ACTIVITY
Your task is to write out every line of the data exactly. Drop the pictures.

INPUT DATA
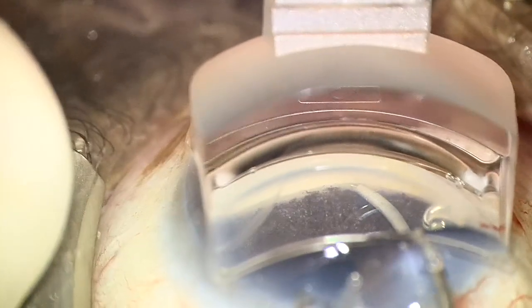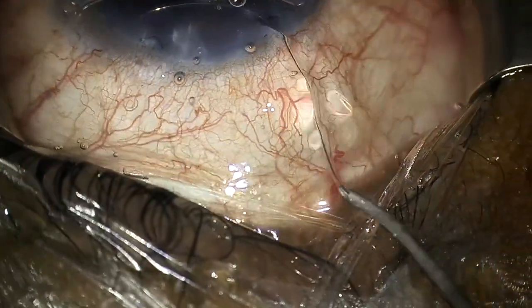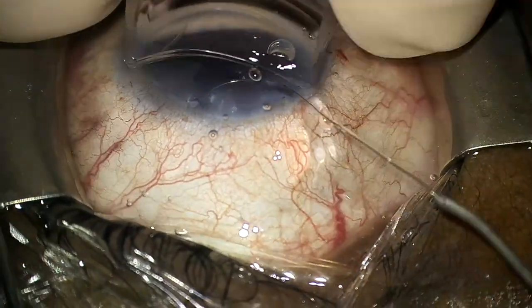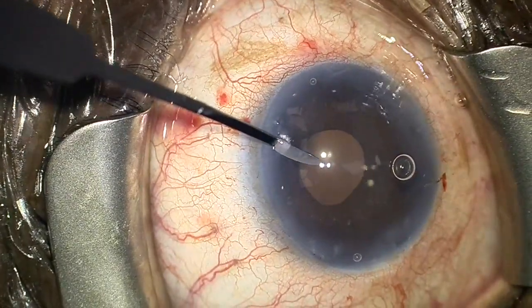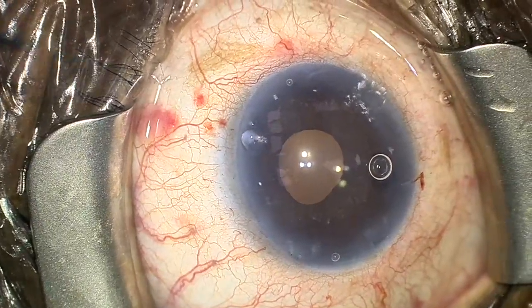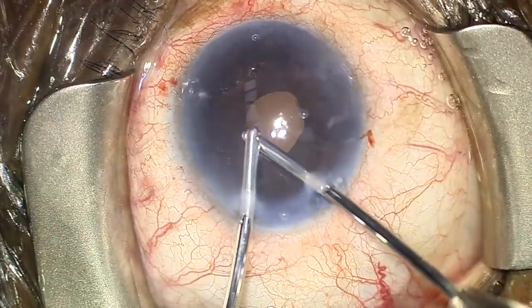After 10 o'clock hours, an obstruction is reached and the catheter cannot be pushed forward any further, so the entire handpiece and catheter are pulled straight out of the paracentesis, which accomplishes a 270-degree goniotomy in this case. There is helon trapped in the area of the Descemet's detachment, so a venting stab is made to help it escape.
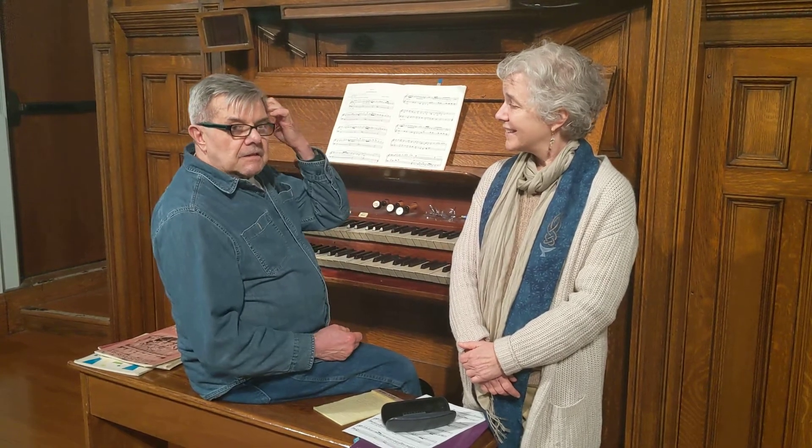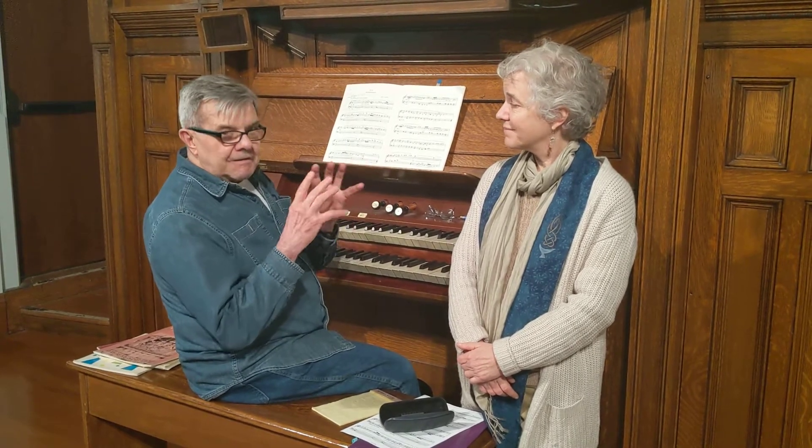And then we're going to jump to the 19th century and Louis Vierne, the great French blind organist who wrote many organ symphonies. He also wrote 24 small pieces — by small, I mean for a smaller organ — and I'm playing one of those.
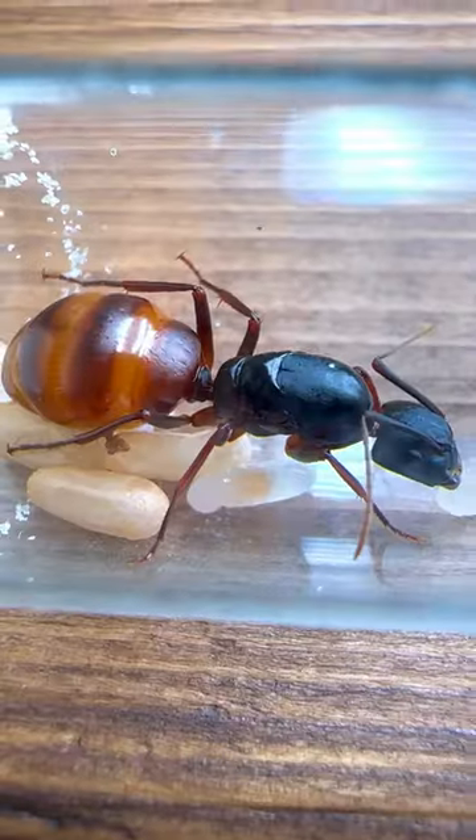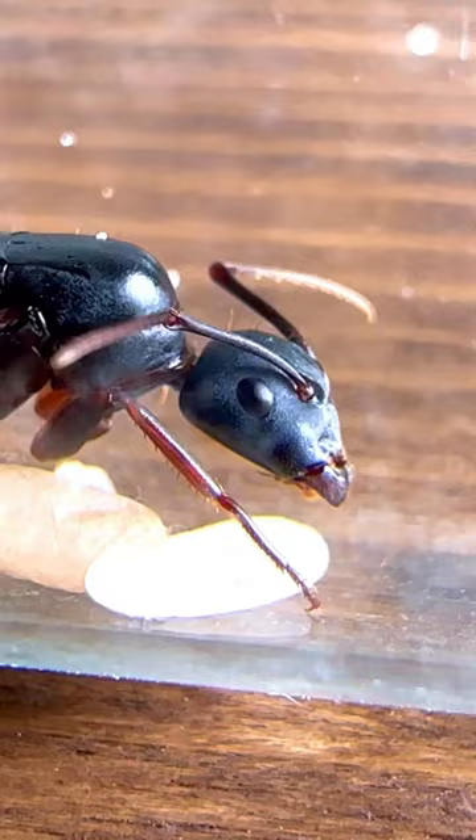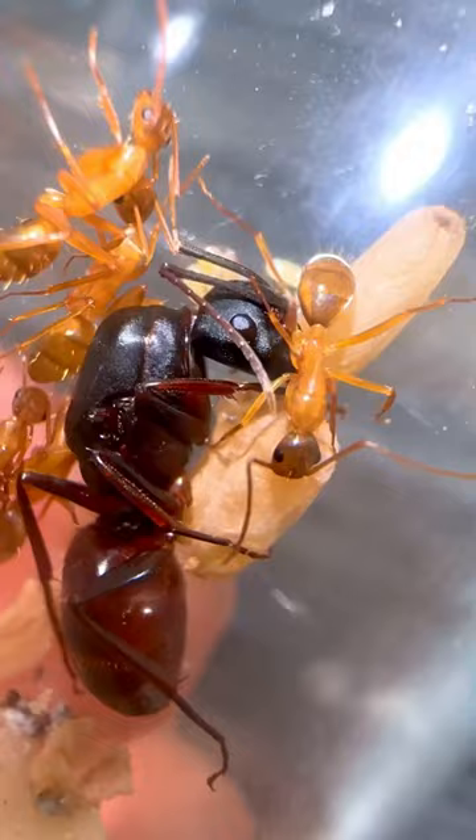I am so sad right now because my one and only California Carpenter Ant Queen just randomly died. She was doing so well in the beginning. In fact, when I first got her, she was about to hatch out her first generation of workers. Fast forward a few more weeks, and she had hatched out about five of these bright orange worker ants.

WRITTEN RESPONSE
After 10 o'clock hours, an obstruction is reached and the catheter cannot be pushed forward any further, so the entire handpiece and catheter are pulled straight out of the paracentesis, which accomplishes a 270-degree goniotomy in this case. There is helon trapped in the area of the Descemet's detachment, so a venting stab is made to help it escape.
And then we're going to jump to the 19th century and Louis Vierne, the great French blind organist who wrote many organ symphonies. He also wrote 24 small pieces — by small, I mean for a smaller organ — and I'm playing one of those.
I am so sad right now because my one and only California Carpenter Ant Queen just randomly died. She was doing so well in the beginning. In fact, when I first got her, she was about to hatch out her first generation of workers. Fast forward a few more weeks, and she had hatched out about five of these bright orange worker ants.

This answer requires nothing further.